Data in this exercise Start Marker
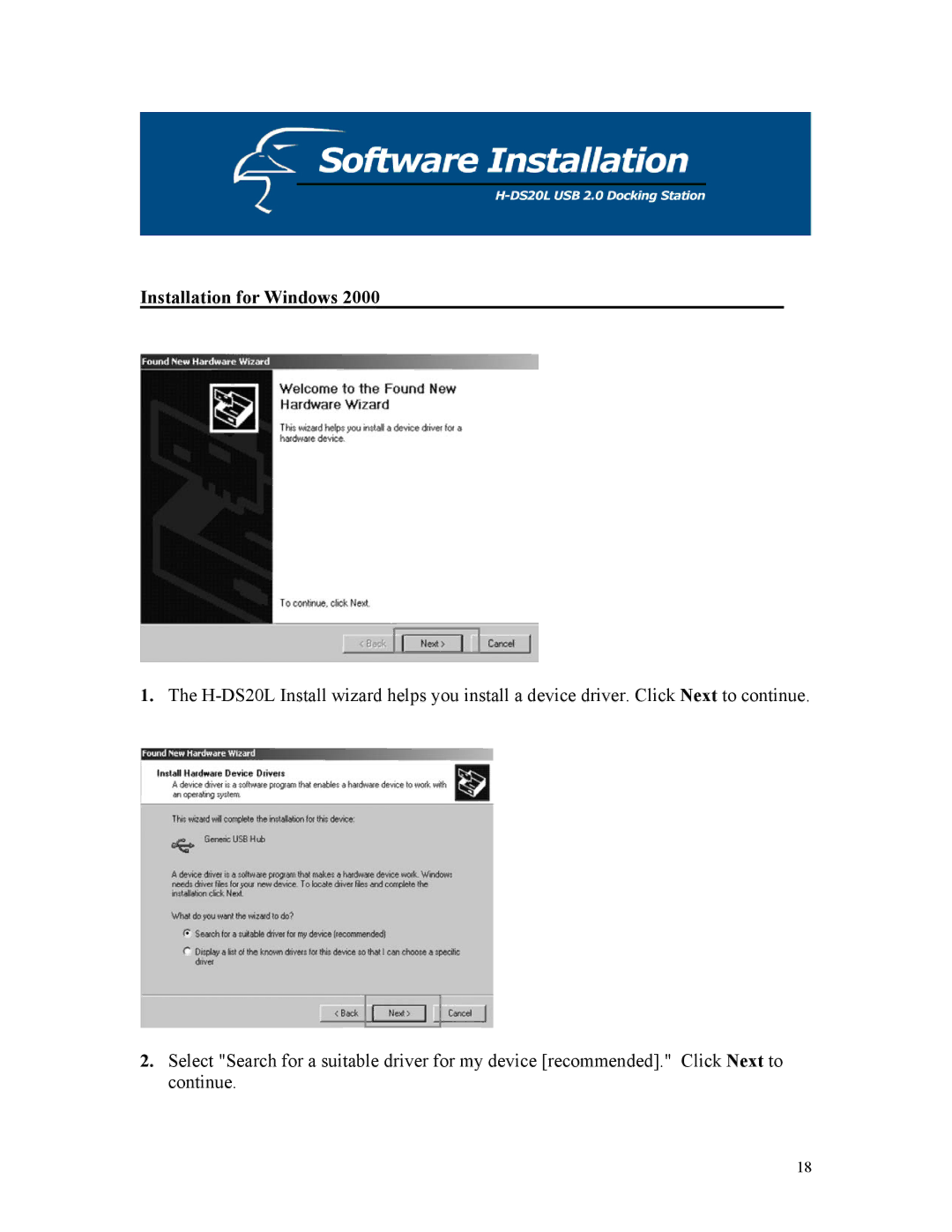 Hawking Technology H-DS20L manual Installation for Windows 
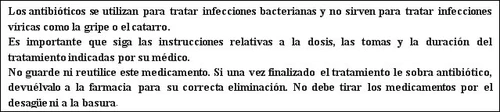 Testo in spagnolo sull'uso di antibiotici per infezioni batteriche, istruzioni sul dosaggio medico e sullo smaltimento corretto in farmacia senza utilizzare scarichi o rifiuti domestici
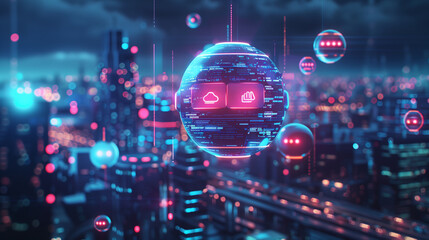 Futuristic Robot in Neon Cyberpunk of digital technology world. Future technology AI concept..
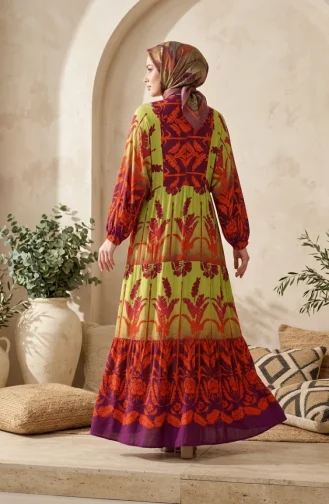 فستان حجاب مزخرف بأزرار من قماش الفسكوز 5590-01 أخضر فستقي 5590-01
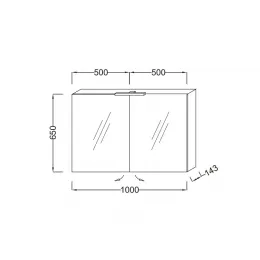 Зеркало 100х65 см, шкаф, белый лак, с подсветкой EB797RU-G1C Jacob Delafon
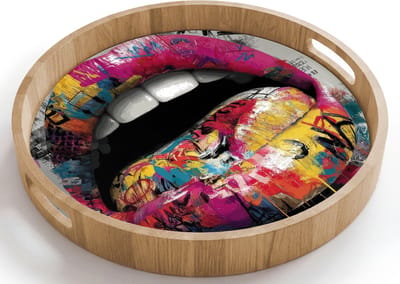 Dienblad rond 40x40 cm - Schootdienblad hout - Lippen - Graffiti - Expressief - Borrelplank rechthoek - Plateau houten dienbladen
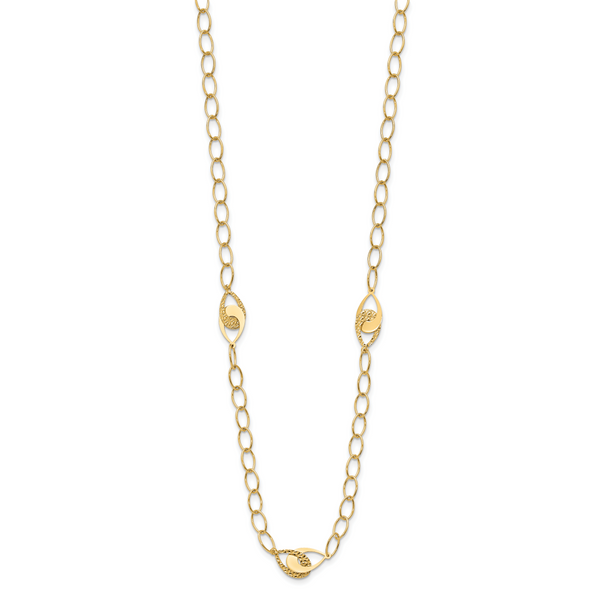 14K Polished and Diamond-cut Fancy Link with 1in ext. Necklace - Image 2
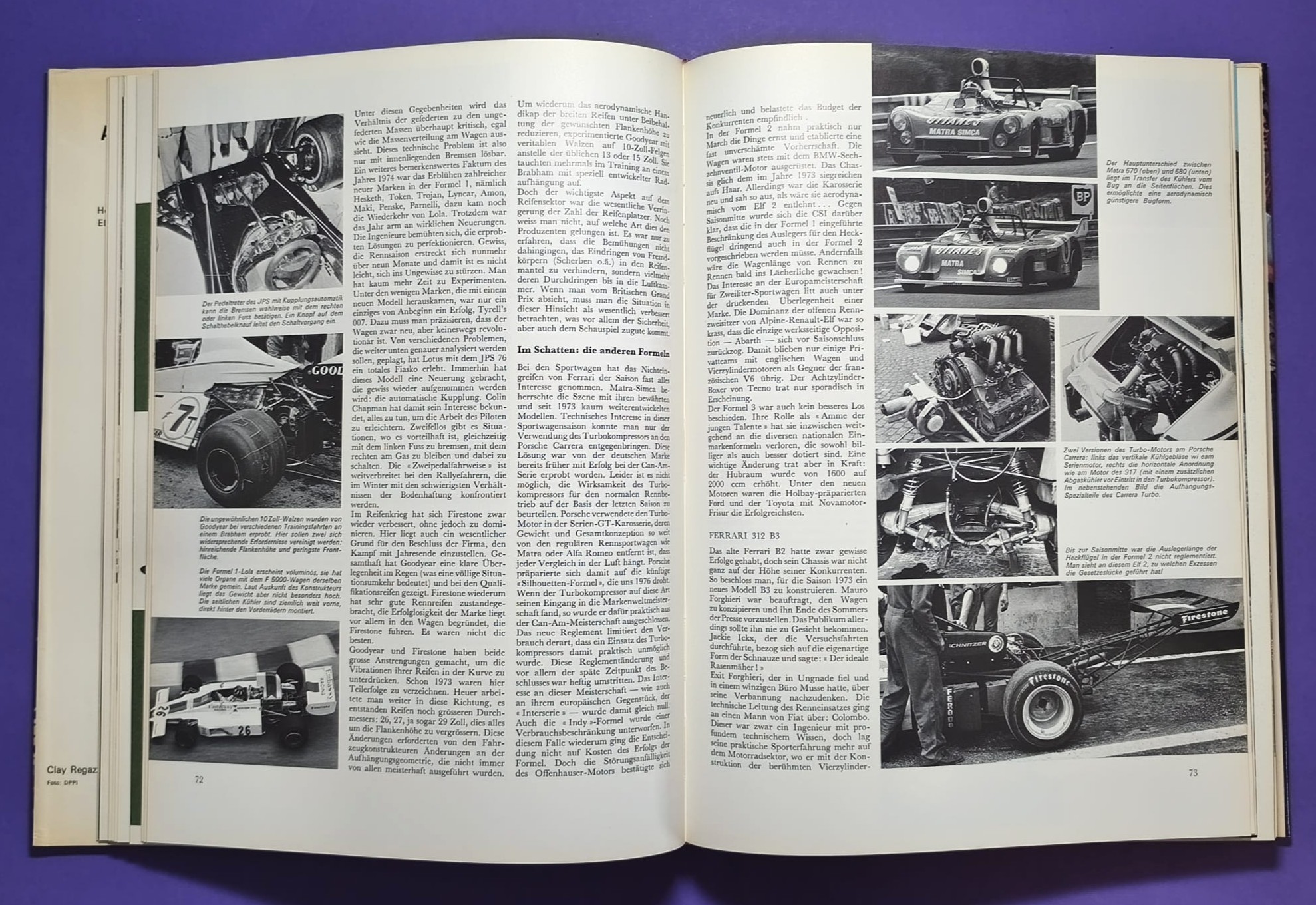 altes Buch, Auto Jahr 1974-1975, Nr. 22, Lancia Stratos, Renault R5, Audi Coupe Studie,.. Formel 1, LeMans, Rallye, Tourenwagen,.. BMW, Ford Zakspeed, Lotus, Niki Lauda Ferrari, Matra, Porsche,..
Data in this exercise End Marker
Exercise brief: With the pictures dropped, give every entry above again exactly.

Response to this task:
 Hawking Technology H-DS20L manual Installation for Windows 
 Testo in spagnolo sull'uso di antibiotici per infezioni batteriche, istruzioni sul dosaggio medico e sullo smaltimento corretto in farmacia senza utilizzare scarichi o rifiuti domestici
 Futuristic Robot in Neon Cyberpunk of digital technology world. Future technology AI concept..
 فستان حجاب مزخرف بأزرار من قماش الفسكوز 5590-01 أخضر فستقي 5590-01
 Зеркало 100х65 см, шкаф, белый лак, с подсветкой EB797RU-G1C Jacob Delafon
 Dienblad rond 40x40 cm - Schootdienblad hout - Lippen - Graffiti - Expressief - Borrelplank rechthoek - Plateau houten dienbladen
 14K Polished and Diamond-cut Fancy Link with 1in ext. Necklace - Image 2
 altes Buch, Auto Jahr 1974-1975, Nr. 22, Lancia Stratos, Renault R5, Audi Coupe Studie,.. Formel 1, LeMans, Rallye, Tourenwagen,.. BMW, Ford Zakspeed, Lotus, Niki Lauda Ferrari, Matra, Porsche,..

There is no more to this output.